Well, you might call Millsap "Mailman Light," because not-so-tall Paul has many of the same, admirable characteristics that made "Mailman" Malone such a hugely successful star during his Hall of Fame career.
Jazz head coach Tyrone Corbin could certainly make the comparison.
"Their toughness, their determination to get better every year, the way he wants to come in and give you an honest day's work every day," Corbin said of the similarities between Millsap and Malone. "Karl never liked missing a game, and I think (Paul) has some of that in him, too. When he's supposed to be at work, he's at work."
This season, Millsap was Utah's second-leading scorer and rebounder, averaging 16.6 points and 8.8 rebounds a game. He also averaged 2.3 assists per game, had his best-ever season at the foul line by shooting a career-best 79.2 percent, and ranked fourth in the league in steals per game at 1.84 while cutting back considerably on his turnovers.
Millsap had a team-high 20 points and nine rebounds in Game 1 of Utah's playoff series Sunday at San Antonio, and he'll be counted on to help lead the way again tonight when the underdog Jazz face the top-seeded Spurs in Game 2 of their first-round matchup at 5 p.m. at the AT&T Center.
Some folks might not appreciate everything that Millsap does to help the Jazz win, but Coach Corbin is definitely not one of them.
"Absolutely, on both ends of the floor," the Jazz coach said of Millsap's tireless contributions. "He makes big plays for us on the offensive end of the floor, but he also makes huge plays for us on the defensive end of the floor with his rebounding, getting a big rebound or getting a big stop or getting his hands on the ball, running the floor.
"He and Al (Jefferson) and a couple of other guys have been probably the most steady guys we've had all year, and Paul's been great about just fighting through everything. Whatever the (trade) talk has been from outside entities, as far as I know they've never talked to him about any trade stuff. He's just continued to play hard and try and get better himself and make us better as a team.
"The being-too-small stuff, I think, he takes that personally, so he'll go out and show you and that's why he'll play with such enthusiasm and energy like he does," Corbin said. "Small doesn't matter because he's big in what he does."
Millsap admitted that having people constantly yacking about him being traded or being undersized gives him the impetus to work that much harder.
"It's motivation for me," he said. "I don't get down on myself because I'm on the trading block or get down on myself for kinda being too small, and I use that to motivate me and to help me to continue to do what I do."
What he does, quite simply, is bust his tail to help his team win. And over the course of the season, he does it time and again for the Jazz.

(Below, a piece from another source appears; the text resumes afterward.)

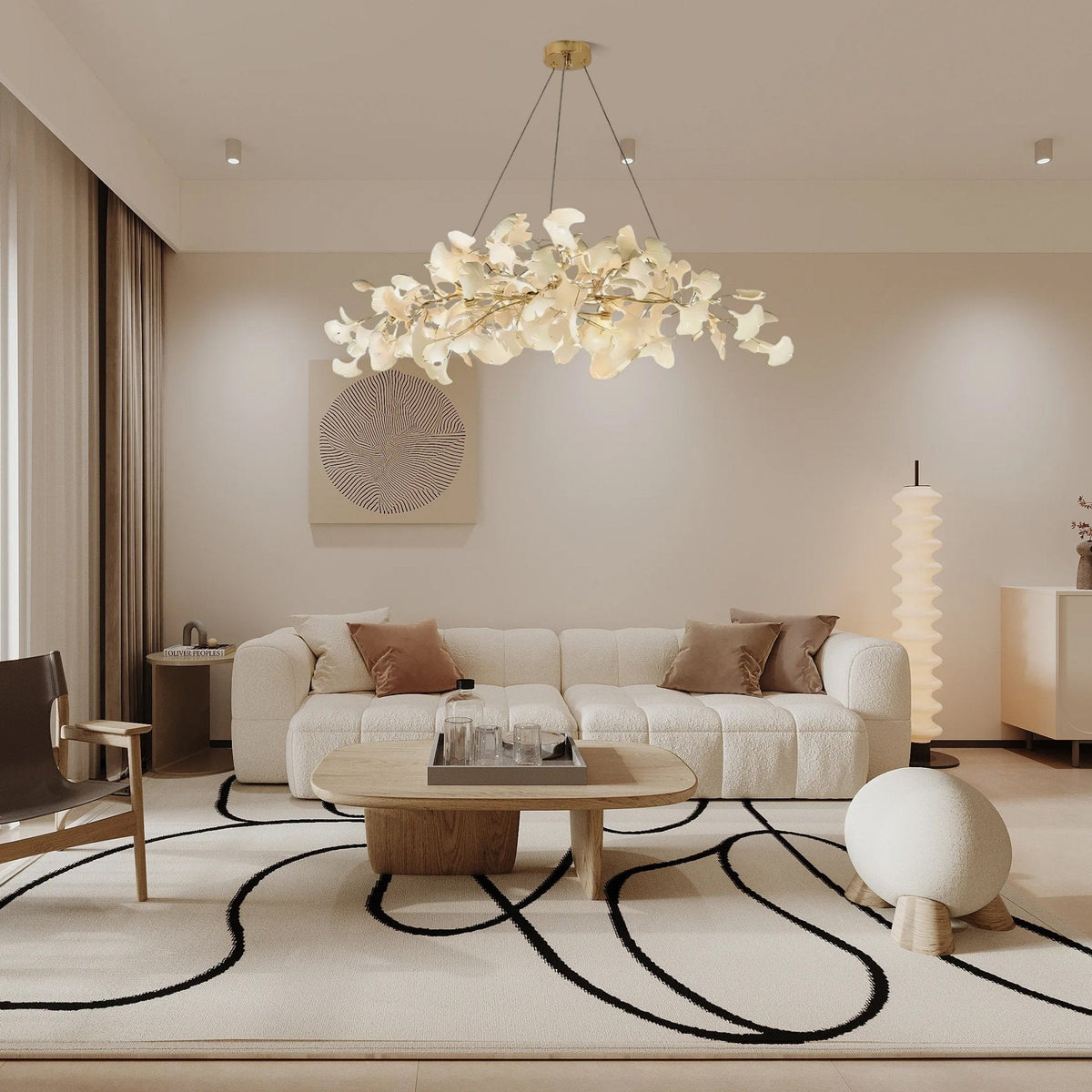 Aruxin art deco -tyylinen alaspäin kaartuva neidonhiuspuukattokruunu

He scored the last six points of the game in an overtime victory against Golden State and had a couple of huge fourth-quarter baskets in a victory over Oklahoma City. Then there was the time he scored six straight points in the final minute of Utah's only victory of the season over San Antonio — thus far, that is.
And how about his monstrous follow-up dunk which tied the Dallas game with two seconds left in regulation of an eventual triple-overtime victory over the Mavericks? Or how he hit four free throws in overtime of a key late-season win over Orlando? Or his huge three-point play in the fourth quarter of last week's win over Phoenix, a victory that clinched Utah's playoff spot?

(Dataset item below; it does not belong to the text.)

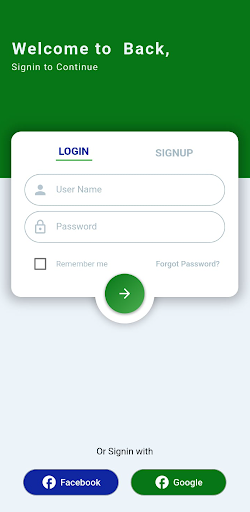 Android application ERP Data Systems screenshort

And who could ever forget that night in November 2010, when Millsap hit three 3-point bombs and amazingly scored 11 points in the final 28 seconds of regulation on his way to career-high 46 in a rousing come-from-behind road victory in overtime against the Miami Heat?
Indeed, Millsap is one of those blue-collar guys who shows up every day ready to go to work. In his career, he has missed just 14 games over his first six seasons, playing all 82 games in the 2006-07, 2007-08 and 2009-10 seasons. He played in 64 of Utah's 66 regular-season games this year.

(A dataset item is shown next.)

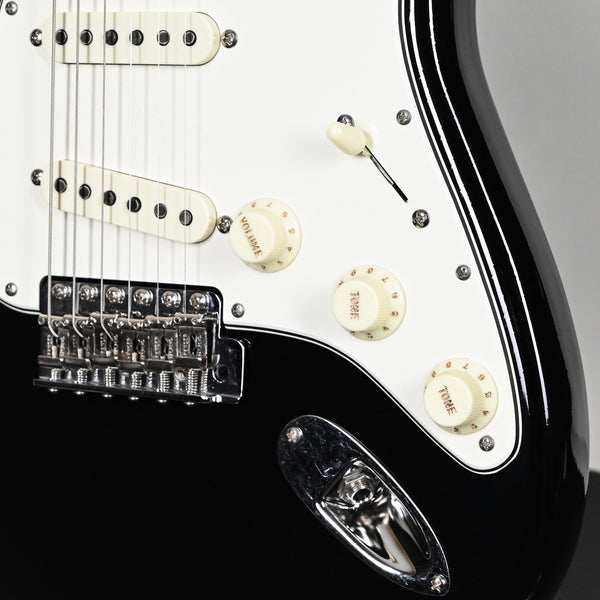 Fender Custom Shop Limited Edition Roasted '65 Stratocaster Deluxe Closet Classic- Aged Black 2024 (CZ583449)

And he'll play hurt — a rare, vanishing breed in today's NBA, and a great example to his teammates.
"You've got to watch him in some cases when he's beat up, because he won't say much about it," Corbin said. "He doesn't look for excuses — he's a no-excuse guy. He wants to come in and give you a day's work every day that he's supposed to be at work.
"And that's a great commodity for us and a great lesson for our young guys to learn that, in this business, you're going to be banged up some and if you're looking for an excuse, it's easy to find a lot of excuses not to work. But if you want to work, you can get people to fight through those and that's what winning teams and winning people do."
Late in the season, Corbin starting going to a bigger lineup at times, a lineup which moved Millsap from his customary four (power forward) position to the three (small forward) spot, with Jefferson moving from center to power forward so Derrick Favors could come in and play center.
It was highly effective, as Millsap's size — while at times being supposedly somewhat smallish for the four spot — puts him at a definite advantage over the small forwards in the league.
Millsap wasn't wild about the switch in positions, but was willing to do it in order to help the team.
"I'll go to the three when I'm called, when I'm told to go to the three," he said. "Whenever he puts me there, I'm always going to be ready to go step in and play that position. But I'm a four right now, and if I can continue to do my job as a four then I'd rather be there.
"It doesn't matter, though, as long as I'm playing. If they say Paul, we want you to play the three for the whole year, I'll do that. If they want me to play the four for the whole year, I'll do that, too. It's not going to matter to me because I'm always going to try to adjust and, if I'm able to, I can make it. As long as it helps the team, and I see that it helps the team, I'm willing to do it."
Perhaps Jefferson put it best: "Paul just wants to play, man," Big Al said with a broad smile. "He'd play point guard if they asked him to."
Well, Millsap might not be quite ready to run the point position just yet.
But give him some time. If it'll help the Jazz beat the Spurs and advance in the playoffs, "Mailman Light" would do it in a heartbeat.